I was Casper the sunburnt ghost, and I was sweating profusely sitting in the sun covered in a towel and feeling my ankles swell-up like a like a Macy’s balloon the night before Thanksgiving. I picked up the bottle of suntan lotion and held it up to the sky, and just like Scarlett O’Hara, I swore I would never get sunburnt again – “As God is my witness!” Of course, that lasted until the next time I spent too much time in the sun.
I never had sunburn as bad as that summer in Cape May, but I came close several times. Like the summer I tried to be cool when I was at the beach with my cousin’s girlfriend. She had a complexion that tanned very easily, and used Hawaiian Tropic deep tanning oil. In an attempt to fit in, I oiled myself up too. The rest of the day I was sizzling in a Frialator. That evening I almost passed out getting in to the bathtub to ease the burn that was making a vibrant appearance.
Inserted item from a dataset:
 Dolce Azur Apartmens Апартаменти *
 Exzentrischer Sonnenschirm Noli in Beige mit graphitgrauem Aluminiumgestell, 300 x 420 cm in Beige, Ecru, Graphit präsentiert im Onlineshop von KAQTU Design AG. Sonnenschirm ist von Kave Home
It is funny how easily we let go of all those declarations we make in a time of stress or personal discomfort. My vow to never expose myself to the pain and inconvenience of sunburn was short-lived on that hot day in Cape May. I revisited that vow several times, before finally realizing that I was meant to be one step removed from an albino. I was never going to have the San Tropez tan, but I once had a successful summer with Bain de Soleil. I worked hard at trying to develop that tan, healthy look, but I just never quite made it to a golden glow - mine was more of a beige blotch with freckles.
I gave up trying to be anything but pasty, when skin cancer became a more prevalent topic, and the ozone layer was reported to be wasting away. It didn’t matter anymore if I could achieve that beach bum look. Frankly, as I have matured, I realize I don’t like the sand that much, the crowds or the fat men shoved into speedos with more junk hanging than Batman’s utility belt. If I want to see a butt crack I’ll call a plumber. Plus, people who spend their lives in the sun, end up looking like an old leather handbag or the surface of an arid dessert. I’ll retain what I have left of my youthful skin, and look at pictures of Robert Redford knowing I made the right decision. Stay away from the rays.
If you have Irish cream skin or just a pale complexion, don’t suffer the sun the way that I did. Accept your whiteness and know its limitations. Prepare yourself with the maximum SPF when venturing into the great outdoors. The once popular theory that people with golden tans showed success and wealth is going away. Now they just look like candidates for a big case of basal cell carcinoma.
It is still very popular in New Jersey for everyone to head “down the shore” during the summer months, and pack onto the beach. The salt air and crashing waves still draws the sun followers to shore points. If you must go there, know your skin’s tolerance level, and take all the precautions to avoid my experience with pain, blisters and profuse peeling. I have peeled more skin than Buffalo Bill in Silence of the Lambs.
Enjoy one of the great American pastimes and find your space on the beach. Remember to bring lotion for protection, water for hydration and music to block out the South Philly Italians yelling at each other from across the dunes. If you follow all rules, you can escape the woes of sunburn, and avoid my experience of being red, white and ewwww.